The following code will run very slowly, using either python 1.5.2 or 1.6b1:

----8\<----

import re

s = """

arp ARP commands class Classifier commands dns DNS commands email Email commands event User event commands frame Frame Relay commands group Group configuration commands help On-Line help facility hl Host list configuration commands hostdb Host database commands image Image commands links Link commands look Withdraw touch access (go back to look-only access) measure Measurement commands mib MIB commands net Network statistics commands partition Bandwidth partition commands policy Policy commands reset Reset the PacketShaper

"""

r = re.compile ( r"\n\n(\s+.+\n)+\n\n$" )

mo = r.match ( s )

if mo:
        print "groups = %s" % mo.groups()
else:
        print "no match"
----8<

The above program takes 11 seconds to run on my system. FOr each line that I add in 's', the time DOUBLES. (And halves if I remove lines)

tim-one commented 23 years ago

By its very nature, this regular expression will match quickly when it *does match, but consume enormous amounts of time when it doesn't match. Sorry, but "tough luck" is the only answer here. O'Reilly publishes a very good book, "Mastering Regular Expressions", by Jeffrey Friedl, that explains why in detail. Don't have time to write a book here \<wink>, but, as a general hint, whenever you have nested repetition ("+" inside a "+" group, etc), unless you know exactly what you're doing you're going to cause *any "NFA" regexp engine to take exponential time in the cases the regexp doesn't match.

Bring it up on comp.lang.python! I'm sure someone will take the time to show you how to write the regexp in a way that works better.
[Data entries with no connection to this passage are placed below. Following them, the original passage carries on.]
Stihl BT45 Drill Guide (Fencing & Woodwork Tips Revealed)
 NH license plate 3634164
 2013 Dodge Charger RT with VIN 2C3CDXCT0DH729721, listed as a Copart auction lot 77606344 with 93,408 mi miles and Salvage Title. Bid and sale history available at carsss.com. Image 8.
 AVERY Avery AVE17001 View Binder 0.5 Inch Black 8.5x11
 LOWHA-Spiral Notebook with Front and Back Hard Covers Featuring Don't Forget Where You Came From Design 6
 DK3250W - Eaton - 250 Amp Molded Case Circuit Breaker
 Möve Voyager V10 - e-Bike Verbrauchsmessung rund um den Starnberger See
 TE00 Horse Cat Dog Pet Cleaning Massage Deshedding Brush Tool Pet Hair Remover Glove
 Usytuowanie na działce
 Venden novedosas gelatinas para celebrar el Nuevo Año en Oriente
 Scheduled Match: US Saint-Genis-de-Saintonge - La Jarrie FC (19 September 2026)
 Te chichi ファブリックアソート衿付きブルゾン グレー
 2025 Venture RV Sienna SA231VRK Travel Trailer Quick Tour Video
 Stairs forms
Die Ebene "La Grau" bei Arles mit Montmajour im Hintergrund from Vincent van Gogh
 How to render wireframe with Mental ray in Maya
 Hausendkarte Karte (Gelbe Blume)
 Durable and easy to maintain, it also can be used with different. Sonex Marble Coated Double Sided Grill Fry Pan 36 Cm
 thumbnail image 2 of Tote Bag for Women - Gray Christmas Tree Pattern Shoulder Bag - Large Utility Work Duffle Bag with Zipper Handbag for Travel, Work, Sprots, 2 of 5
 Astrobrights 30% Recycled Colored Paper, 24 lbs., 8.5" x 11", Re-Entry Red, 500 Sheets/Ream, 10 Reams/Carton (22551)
Or buy the book. Or don't use regexps for this problem to begin with.

tim-one commented 23 years ago

BTW, try this:

r = re.compile (r"\n\n(^[ \t][^\n]+\n)+\n\n$",
                re.MULTILINE)

If you want to know why I did that, buy the book!

cb96e7a7-b820-4fd0-be0b-8e3c8b0553ee commented 23 years ago

Ah yes, I understand what's going on, here. For those that are just tuning in, the part of the re that is taking so much time is this:

\s+.+

The problem is that \s+ can reduce one or more spaces, and the .+ reduces the rest. Of course, the RE engine doesnt know how many spaces the \s should consume, and tries every combination exhaustively. This doesnt take much time in itself, but when coupled with the (...)+ group, its instantly of the order n^2

I can solve this problem by changing the \s+ to simply \s, since I dont really care if I match one or more \s, as long as there's at least one. tim_one suggested using [ \t] instead, since it makes sure I dont gobble a \n either.

As an ancillary, I think there's been recent optimisations in the pcre code (external to python), as I cannot reproduce the problem on my box at home, which also uses python 1.5.2. I can only guess that it was compiled with a later version of PCRE.